As I've written earlier I've been helping out with the symfony Jobeet tutorial. The tutorial runs for another two days, but my work is done. Well, sort of. So time to look back at Jobeet...

Just to clear things up for people not in the know: About two years ago, for symfony 1.0, the symfony team wrote a 24-day tutorial during the days before christmas (int he spirit of an advent calendar), which described how you would approach a typical symfony project. The tutorial described the development of the Askeet! application, a community question/answer application. This year, Fabien from symfony initiated a follow-up to that. He gathered some cool people from the symfony community (and me ;) ) and wrote another tutorial, focussing on symfony 1.2. This time, the application being developed is an online job board called Jobeet.

I was still relatively new to symfony 1.2 when i started this job. I know the theoretical differences between the versions and had played around a bit with 1.2, but hadn't had time to really dive into this.

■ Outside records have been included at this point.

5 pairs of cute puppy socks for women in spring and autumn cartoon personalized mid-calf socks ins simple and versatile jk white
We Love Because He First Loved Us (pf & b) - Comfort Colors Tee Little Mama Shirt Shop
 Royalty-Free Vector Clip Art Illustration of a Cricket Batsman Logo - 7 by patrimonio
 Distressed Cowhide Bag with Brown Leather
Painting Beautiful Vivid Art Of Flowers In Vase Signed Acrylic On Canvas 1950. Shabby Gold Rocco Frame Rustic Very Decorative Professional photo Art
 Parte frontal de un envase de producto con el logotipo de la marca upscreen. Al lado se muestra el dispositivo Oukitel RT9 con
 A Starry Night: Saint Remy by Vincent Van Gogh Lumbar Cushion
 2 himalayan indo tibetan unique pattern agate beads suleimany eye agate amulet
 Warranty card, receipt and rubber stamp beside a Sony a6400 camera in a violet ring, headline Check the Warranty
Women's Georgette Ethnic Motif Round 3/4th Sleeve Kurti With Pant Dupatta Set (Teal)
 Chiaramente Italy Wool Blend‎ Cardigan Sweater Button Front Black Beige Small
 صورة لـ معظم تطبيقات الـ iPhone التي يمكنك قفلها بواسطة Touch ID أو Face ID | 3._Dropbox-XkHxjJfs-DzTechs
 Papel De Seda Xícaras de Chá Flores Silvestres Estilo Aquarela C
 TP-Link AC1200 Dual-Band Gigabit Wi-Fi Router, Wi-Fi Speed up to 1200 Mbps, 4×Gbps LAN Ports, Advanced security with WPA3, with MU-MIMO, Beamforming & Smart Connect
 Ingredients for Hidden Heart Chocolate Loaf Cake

In my role as "Subversion manager" I've been responsible for executing all days tutorials into code, and manage those in the repository. So if you find any bugs in the Jobeet repository, let me know. It will be my fault and I'll fix it ;)

Anyway, my task in this project has allowed me to actually work with all the cool new features. Of all these cool new features, some are most excellent. For instance, the new routing, especially the integration with the ORM, is excellent. Aside from that, the new REST support is also awesome for easily creating web services in symfony. And another great thing is that the tutorial is not limited to Propel such as Askeet was, but there is a parallel version of the tutorial for Doctrine ORM as well!

Most people will know that you learn most by simply doing, and executing the Jobeet tutorial you will actually do a lot of stuff yourself. This makes the Jobeet tutorial a most excellent way of getting to know symfony. Or even if you have experience with symfony 1.0 or 1.1, it will easily and surely introduce you to the differences with previous versions. Go and have a look!